• Exercise instructions: Transcribe the records below line by line, exactly as they read.
________
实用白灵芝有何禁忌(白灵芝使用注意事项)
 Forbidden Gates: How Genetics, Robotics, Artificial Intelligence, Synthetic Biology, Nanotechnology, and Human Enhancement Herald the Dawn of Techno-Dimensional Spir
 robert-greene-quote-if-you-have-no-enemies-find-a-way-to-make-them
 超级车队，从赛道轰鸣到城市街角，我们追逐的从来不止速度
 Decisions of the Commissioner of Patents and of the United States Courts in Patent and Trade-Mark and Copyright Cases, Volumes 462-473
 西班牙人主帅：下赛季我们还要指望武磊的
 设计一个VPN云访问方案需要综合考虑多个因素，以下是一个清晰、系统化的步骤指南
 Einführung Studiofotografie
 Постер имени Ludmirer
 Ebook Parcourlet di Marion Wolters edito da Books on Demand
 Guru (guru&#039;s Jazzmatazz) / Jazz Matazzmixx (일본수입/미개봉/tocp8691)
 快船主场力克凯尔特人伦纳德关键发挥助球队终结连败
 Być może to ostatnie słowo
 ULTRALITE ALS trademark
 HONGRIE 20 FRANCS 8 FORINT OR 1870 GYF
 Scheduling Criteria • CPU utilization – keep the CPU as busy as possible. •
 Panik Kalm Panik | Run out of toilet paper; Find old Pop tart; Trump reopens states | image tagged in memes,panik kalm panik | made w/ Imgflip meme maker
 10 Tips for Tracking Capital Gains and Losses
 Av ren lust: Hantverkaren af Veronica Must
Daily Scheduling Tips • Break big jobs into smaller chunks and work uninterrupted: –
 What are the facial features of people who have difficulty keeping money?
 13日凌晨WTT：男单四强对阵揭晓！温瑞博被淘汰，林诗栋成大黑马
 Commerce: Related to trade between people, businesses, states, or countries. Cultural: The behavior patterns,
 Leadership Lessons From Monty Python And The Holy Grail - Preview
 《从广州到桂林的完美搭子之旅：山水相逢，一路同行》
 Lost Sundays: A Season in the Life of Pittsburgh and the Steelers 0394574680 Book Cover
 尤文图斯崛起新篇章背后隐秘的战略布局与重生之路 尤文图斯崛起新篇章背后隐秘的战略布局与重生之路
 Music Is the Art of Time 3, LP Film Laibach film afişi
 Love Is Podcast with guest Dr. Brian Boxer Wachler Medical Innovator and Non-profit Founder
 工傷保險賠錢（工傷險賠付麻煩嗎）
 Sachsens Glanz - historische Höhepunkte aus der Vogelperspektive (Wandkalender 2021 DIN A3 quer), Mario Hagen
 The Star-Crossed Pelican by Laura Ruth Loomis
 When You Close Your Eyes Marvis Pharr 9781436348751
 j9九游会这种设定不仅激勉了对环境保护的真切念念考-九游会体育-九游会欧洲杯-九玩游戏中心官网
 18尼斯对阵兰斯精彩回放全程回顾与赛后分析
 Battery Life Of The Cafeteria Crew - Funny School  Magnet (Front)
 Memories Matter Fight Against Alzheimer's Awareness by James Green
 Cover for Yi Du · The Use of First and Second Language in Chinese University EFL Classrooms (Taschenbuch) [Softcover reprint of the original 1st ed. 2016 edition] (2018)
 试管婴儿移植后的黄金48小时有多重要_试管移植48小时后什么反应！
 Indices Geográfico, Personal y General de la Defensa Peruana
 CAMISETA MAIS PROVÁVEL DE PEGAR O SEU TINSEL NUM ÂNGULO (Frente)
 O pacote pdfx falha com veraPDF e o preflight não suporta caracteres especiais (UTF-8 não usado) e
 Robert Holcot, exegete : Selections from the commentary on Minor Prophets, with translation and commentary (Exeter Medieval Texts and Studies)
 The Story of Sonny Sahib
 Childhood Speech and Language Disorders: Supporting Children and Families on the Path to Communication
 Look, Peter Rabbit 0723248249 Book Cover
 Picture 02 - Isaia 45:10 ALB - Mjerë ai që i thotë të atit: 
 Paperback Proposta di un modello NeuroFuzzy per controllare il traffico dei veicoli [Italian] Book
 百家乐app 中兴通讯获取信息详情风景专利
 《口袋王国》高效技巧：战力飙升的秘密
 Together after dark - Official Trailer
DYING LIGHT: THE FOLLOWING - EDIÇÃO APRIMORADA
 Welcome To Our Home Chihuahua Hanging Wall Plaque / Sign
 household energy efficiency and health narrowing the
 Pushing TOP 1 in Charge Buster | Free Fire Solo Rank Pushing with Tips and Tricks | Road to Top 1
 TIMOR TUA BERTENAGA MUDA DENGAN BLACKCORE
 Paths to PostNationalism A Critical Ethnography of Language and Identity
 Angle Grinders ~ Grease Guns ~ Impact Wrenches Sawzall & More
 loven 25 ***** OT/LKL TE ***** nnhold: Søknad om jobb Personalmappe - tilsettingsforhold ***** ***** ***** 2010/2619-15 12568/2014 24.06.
________
• Your solution:
实用白灵芝有何禁忌(白灵芝使用注意事项)
 Forbidden Gates: How Genetics, Robotics, Artificial Intelligence, Synthetic Biology, Nanotechnology, and Human Enhancement Herald the Dawn of Techno-Dimensional Spir
 robert-greene-quote-if-you-have-no-enemies-find-a-way-to-make-them
 超级车队，从赛道轰鸣到城市街角，我们追逐的从来不止速度
 Decisions of the Commissioner of Patents and of the United States Courts in Patent and Trade-Mark and Copyright Cases, Volumes 462-473
 西班牙人主帅：下赛季我们还要指望武磊的
 设计一个VPN云访问方案需要综合考虑多个因素，以下是一个清晰、系统化的步骤指南
 Einführung Studiofotografie
 Постер имени Ludmirer
 Ebook Parcourlet di Marion Wolters edito da Books on Demand
 Guru (guru&#039;s Jazzmatazz) / Jazz Matazzmixx (일본수입/미개봉/tocp8691)
 快船主场力克凯尔特人伦纳德关键发挥助球队终结连败
 Być może to ostatnie słowo
 ULTRALITE ALS trademark
 HONGRIE 20 FRANCS 8 FORINT OR 1870 GYF
 Scheduling Criteria • CPU utilization – keep the CPU as busy as possible. •
 Panik Kalm Panik | Run out of toilet paper; Find old Pop tart; Trump reopens states | image tagged in memes,panik kalm panik | made w/ Imgflip meme maker
 10 Tips for Tracking Capital Gains and Losses
 Av ren lust: Hantverkaren af Veronica Must
Daily Scheduling Tips • Break big jobs into smaller chunks and work uninterrupted: –
 What are the facial features of people who have difficulty keeping money?
 13日凌晨WTT：男单四强对阵揭晓！温瑞博被淘汰，林诗栋成大黑马
 Commerce: Related to trade between people, businesses, states, or countries. Cultural: The behavior patterns,
 Leadership Lessons From Monty Python And The Holy Grail - Preview
 《从广州到桂林的完美搭子之旅：山水相逢，一路同行》
 Lost Sundays: A Season in the Life of Pittsburgh and the Steelers 0394574680 Book Cover
 尤文图斯崛起新篇章背后隐秘的战略布局与重生之路 尤文图斯崛起新篇章背后隐秘的战略布局与重生之路
 Music Is the Art of Time 3, LP Film Laibach film afişi
 Love Is Podcast with guest Dr. Brian Boxer Wachler Medical Innovator and Non-profit Founder
 工傷保險賠錢（工傷險賠付麻煩嗎）
 Sachsens Glanz - historische Höhepunkte aus der Vogelperspektive (Wandkalender 2021 DIN A3 quer), Mario Hagen
 The Star-Crossed Pelican by Laura Ruth Loomis
 When You Close Your Eyes Marvis Pharr 9781436348751
 j9九游会这种设定不仅激勉了对环境保护的真切念念考-九游会体育-九游会欧洲杯-九玩游戏中心官网
 18尼斯对阵兰斯精彩回放全程回顾与赛后分析
 Battery Life Of The Cafeteria Crew - Funny School  Magnet (Front)
 Memories Matter Fight Against Alzheimer's Awareness by James Green
 Cover for Yi Du · The Use of First and Second Language in Chinese University EFL Classrooms (Taschenbuch) [Softcover reprint of the original 1st ed. 2016 edition] (2018)
 试管婴儿移植后的黄金48小时有多重要_试管移植48小时后什么反应！
 Indices Geográfico, Personal y General de la Defensa Peruana
 CAMISETA MAIS PROVÁVEL DE PEGAR O SEU TINSEL NUM ÂNGULO (Frente)
 O pacote pdfx falha com veraPDF e o preflight não suporta caracteres especiais (UTF-8 não usado) e
 Robert Holcot, exegete : Selections from the commentary on Minor Prophets, with translation and commentary (Exeter Medieval Texts and Studies)
 The Story of Sonny Sahib
 Childhood Speech and Language Disorders: Supporting Children and Families on the Path to Communication
 Look, Peter Rabbit 0723248249 Book Cover
 Picture 02 - Isaia 45:10 ALB - Mjerë ai që i thotë të atit: 
 Paperback Proposta di un modello NeuroFuzzy per controllare il traffico dei veicoli [Italian] Book
 百家乐app 中兴通讯获取信息详情风景专利
 《口袋王国》高效技巧：战力飙升的秘密
 Together after dark - Official Trailer
DYING LIGHT: THE FOLLOWING - EDIÇÃO APRIMORADA
 Welcome To Our Home Chihuahua Hanging Wall Plaque / Sign
 household energy efficiency and health narrowing the
 Pushing TOP 1 in Charge Buster | Free Fire Solo Rank Pushing with Tips and Tricks | Road to Top 1
 TIMOR TUA BERTENAGA MUDA DENGAN BLACKCORE
 Paths to PostNationalism A Critical Ethnography of Language and Identity
 Angle Grinders ~ Grease Guns ~ Impact Wrenches Sawzall & More
 loven 25 ***** OT/LKL TE ***** nnhold: Søknad om jobb Personalmappe - tilsettingsforhold ***** ***** ***** 2010/2619-15 12568/2014 24.06.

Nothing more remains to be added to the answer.